Une scène comique
Extrait étudié : du début à la réponse d’Araminte, « Tout »
La lettre fictive, stratagème ourdi par Dubois, rédigée par Dorante, destinée à faire céder Araminte, est passée par les mains de Dorante, Arlequin et Marton. Elle arrive dans cette scène dans les mains du comte.
Les mouvements :
On peut identifier un premier mouvement du début jusqu’à « Dorante sort », qui correspond à la lecture publique de la lettre fictive. Un second mouvement de « Eh bien quoi » à « il sort » révèle la parole transparente de M. Rémy. Le dernier mouvement de « Fera-t- on » jusqu’à la fin, se concentre sur la réaction d’Araminte.
Pourquoi faire lire le comte ?
Le comte, amoureux d’Araminte, prête à sa voix à Dorante, avouant dans cette lettre son adorationdans un style précieux. Lire cette lettre lui donne l’occasion de parler de sentiments, lui qui ne parle depuis le début que de procès et d’argent, et ce décalage crée un effet comique. Après les révélations de Dubois et d’Arlequin, l’aveu détourné passe par la voix du comte avant de passer par celle de Marton à la fin de l’acte.
Les effets recherchés par les interventions de Mme Argante ?
C’est l’effet comique qui est recherché, de deux manières. D’une part, le décalage entre le ton de la lettre, romanesque et sen- timentale, et les commentaires sarcastiques et vulgaires de Mme Argante est cocasse : elle parodie le style galant de la lettre « bon voyage au galant ». D’autre part, l’écriture en contrepoint donne du rythme à la scène, crée du suspens à cause de l’effet dilatoire produit (on attend la fin de la lettre) et contribue au comique de la scène.

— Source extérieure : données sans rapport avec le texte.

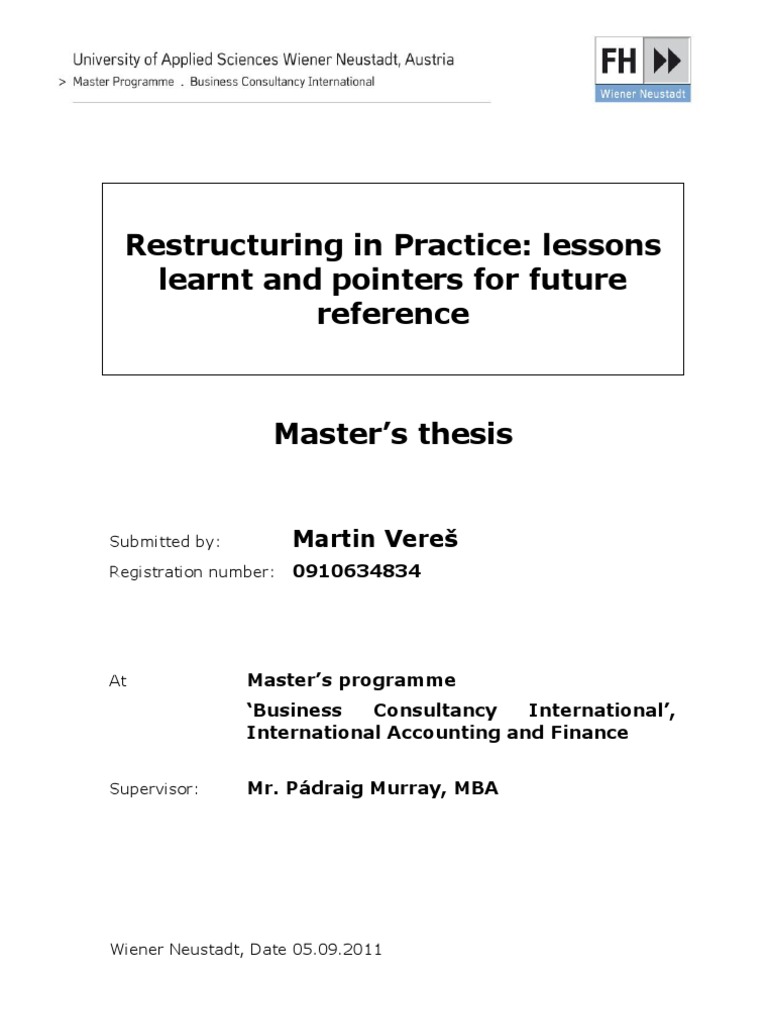 Restructuring Process of A Company, Case Study | PDF | Strategic ...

Les propos de Rémy sont-ils conservateurs ou libéraux ?
M. Rémy se révèle ici le porte-parole d’une morale fondée sur la nature, la simplicité et le mérite : « c’est de l’amour qu’il a », « S’il était riche, il pourrait bien dire qu’il adore ». Il soulève ici l’injustice sociale qui accorde aux uns ce qu’elle refuse à d’autres : la liberté d’aimer. Araminte avait déjà lancé cette phrase subversive : « je suis toujours fâchée de voir d’honnêtes gens sans fortune, tandis qu’une infinité de gens de rien, et sans mérite, en ont une éclatante ». Elle ose reconnaître la valeur du mérite en dehors de toute naissance et appartenance à un statut social. Dubois partage ce point de vue : Dorante n’a pas la fortune qu’il mérite. Rien d’étonnant que la pièce ait connu un triomphe dans les années qui suivirent la Révolution Française.
La réaction d’Araminte
Le mécanisme de révélation engendré par Dubois progresse vers l’inéluctable. Araminte doit choisir et assumer son choix aux yeux de la société formée par tous les autres personnages. La colère d’Araminte révèle son angoisse, elle se sent trahie par Dubois et prise au piège devant l’ensemble des personnages ; de plus, son corps parle ; elle se sent prise en étau entre ses sentiments et l’obstacle intérieur qu’elle s’impose.